### RECORDS SUPPLIED ###
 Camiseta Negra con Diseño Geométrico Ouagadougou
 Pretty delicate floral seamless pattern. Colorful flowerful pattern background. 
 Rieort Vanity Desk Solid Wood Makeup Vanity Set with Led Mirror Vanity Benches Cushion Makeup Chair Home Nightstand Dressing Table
###
### RECORDS SUPPLIED ###
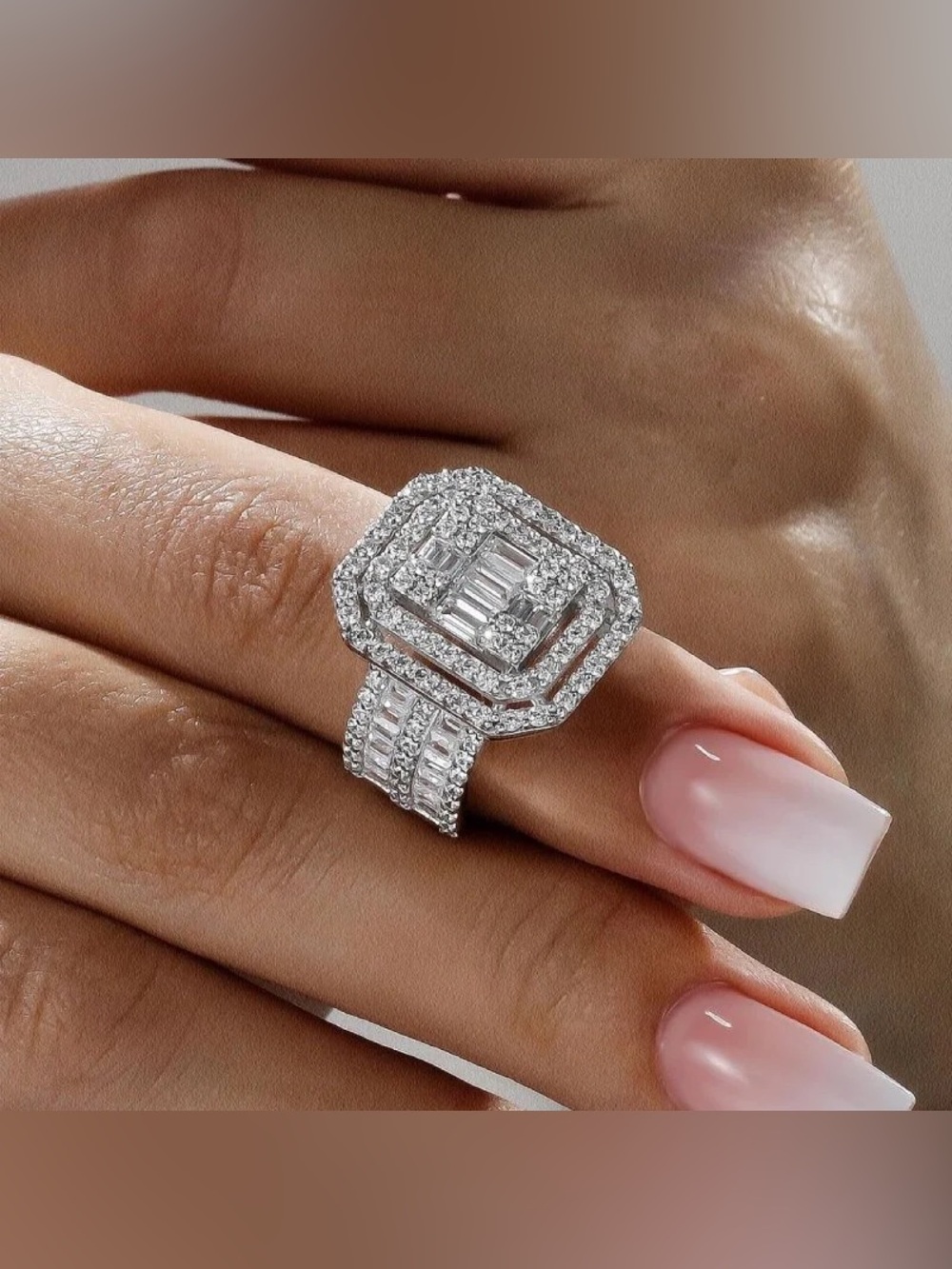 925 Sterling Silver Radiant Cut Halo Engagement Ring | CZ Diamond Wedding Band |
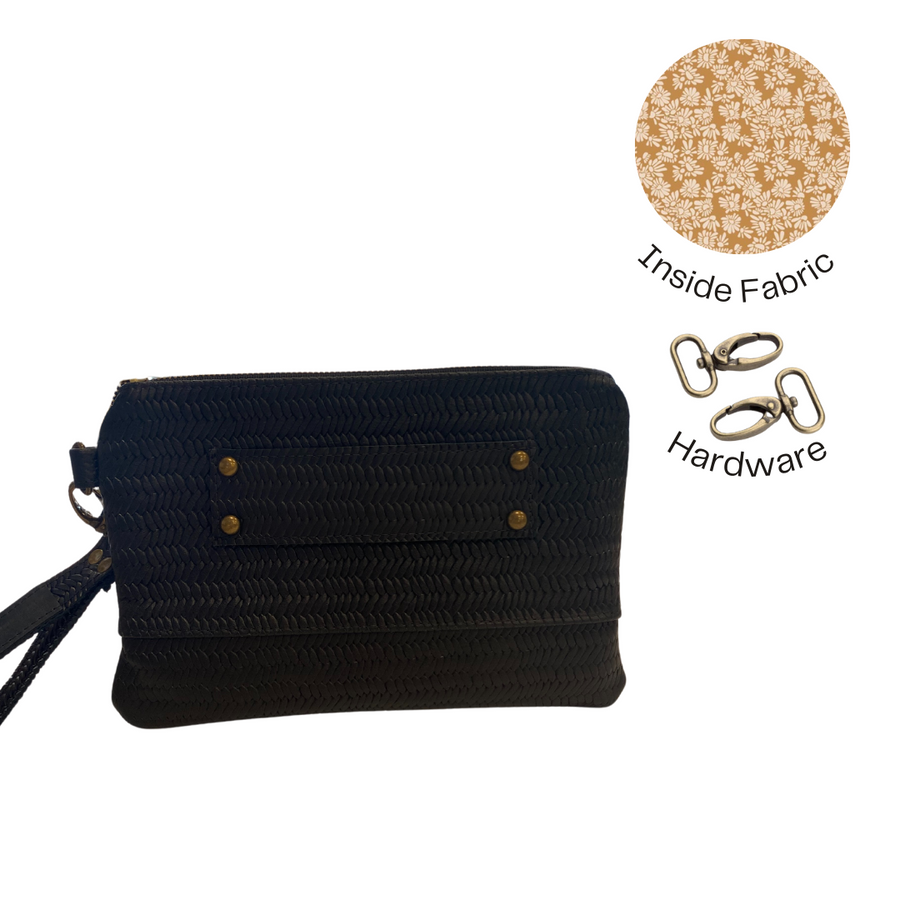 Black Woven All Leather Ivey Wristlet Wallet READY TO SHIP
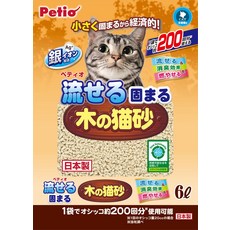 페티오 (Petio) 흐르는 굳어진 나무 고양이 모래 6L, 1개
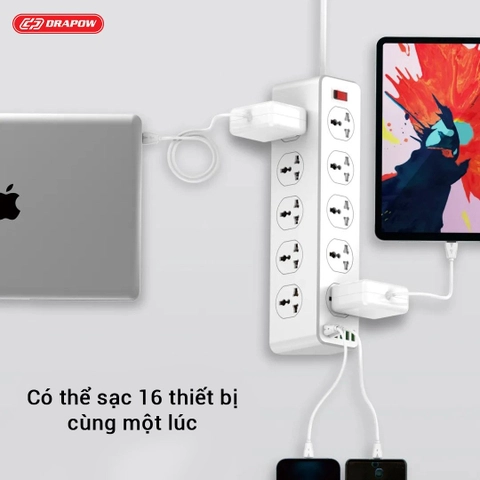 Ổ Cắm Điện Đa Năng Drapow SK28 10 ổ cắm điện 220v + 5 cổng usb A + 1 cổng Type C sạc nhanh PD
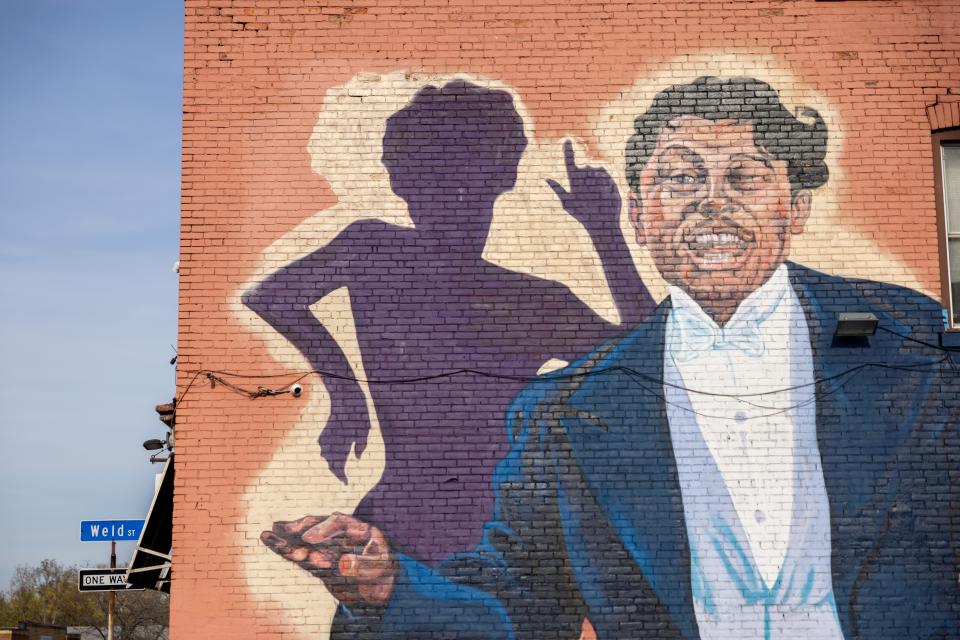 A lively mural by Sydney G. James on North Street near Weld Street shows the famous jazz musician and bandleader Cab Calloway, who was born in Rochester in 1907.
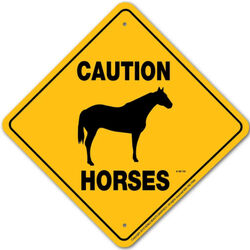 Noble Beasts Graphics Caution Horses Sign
###
Each line above starting at the one holding "페티오 (Petio) 흐르는 굳어진 나무 고양이 모래 6L, 1개" and ending at the one holding "Noble Beasts Graphics Caution Horses Sign" should be set down exactly as it stands, both ends included, with no pictures.

 페티오 (Petio) 흐르는 굳어진 나무 고양이 모래 6L, 1개
 Ổ Cắm Điện Đa Năng Drapow SK28 10 ổ cắm điện 220v + 5 cổng usb A + 1 cổng Type C sạc nhanh PD
 A lively mural by Sydney G. James on North Street near Weld Street shows the famous jazz musician and bandleader Cab Calloway, who was born in Rochester in 1907.
 Noble Beasts Graphics Caution Horses Sign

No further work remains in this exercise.